For Eldest Child, this news was tantamount to being diagnosed with elephantitis.
“What if I drink the pool? What will happen?” she said, eyes moistening.
“Let’s not find out. Don’t drink the pool,” I reasoned.
We’re shown to our accommodation, where we sort out all our luggage. Youngest Child and I are neither responsible enough to be thinking ahead to dinner nor disturbed about the life-threatening qualities of slightly murky swimming pool worker, so we grab our towels and head out. Eldest Child can’t join us immediately as that would mean an unacceptable loss of face. She informs us she will be up shortly to “just have a look”.
Youngest Child and I are doing manatee impressions when Eldest Child arrives, kitted out in swimming gear, including goggles. The danger has passed. The murkiness is no longer lethal. Relief.
Beautiful Wife follows soon afterwards. She pauses at the kitchen door of the cottage, which we can see clearly from the pool.
“Should I close this?”
We consider the question collectively, enduring a mild, brief existential crisis about feeling uncomfortable about leaving doors open even though we are not in the city and there’s something close to a kilometre between us and the next sign of life.

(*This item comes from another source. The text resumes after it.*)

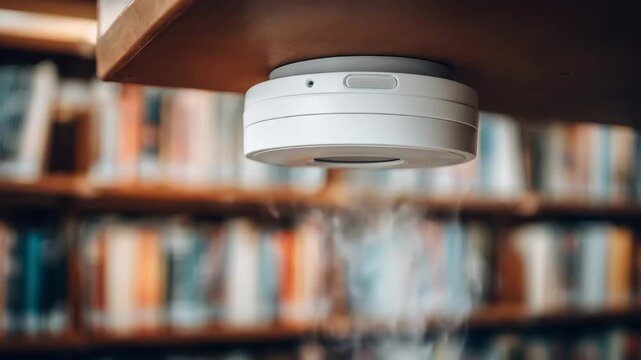 Medium shot of an IoT sensor mounted on a library ceiling capturing realtime occupancy data for optimized space utilization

“Close it. Then we don’t need to worry,” is the consensus.
The swim is wonderful. The shedding of work clothes and the cool water after the still clamminess of the office means that the transition from business to holiday mode is quickly complete and, having been at our temporary home-from-home for less than an hour, we’re all relaxed and ready to get on with the serious business of supping on pasta cooked on a small gas stove and playing Go Fish.
Time dictates that we head back inside to begin that whole phase. Daughters are de-goggled and dried. Cool-skinned hugs are shared. Holiday happiness.
Beautiful Wife is smiling as she puts her hand on the door handle, eyes on her brood.
Then she’s not smiling anymore.
“This is locked. Do you have the keys?”
Clearly not, as we hadn’t even considered closing the door at all until fairly late in proceedings.
“Is there another way in?”
Not one that’s unlocked, as we had purposefully shut up the other side of the cottage so that nobody could waltz in and flee with our valuables. Two old BlackBerry phones and an even older laptop that had to be charged so that I could actually complete the word “laptop”, but still…
The bathroom window is ajar, and it opens upward. Cottage pane window frames mean there are small squares of steel between us and the interior. Too small for an adult, and Youngest Daughter is too short to reach anything below the sill.
“Eldest Daughter, I need you to be an investigator. It’ll be just like that Secret Seven book you just finished reading.”
“Um, ok,” she says, as enthusiastic as the first test jumper off the bungee platform at Blaauwkrans Bridge.
“What do I need to do?”
“Mom will hold the window out of the way, then I’ll lift you. You’ll go through face-down and feet first, like this.”
I share the vision for the project using my hand to illustrate her body position. It’s foolproof.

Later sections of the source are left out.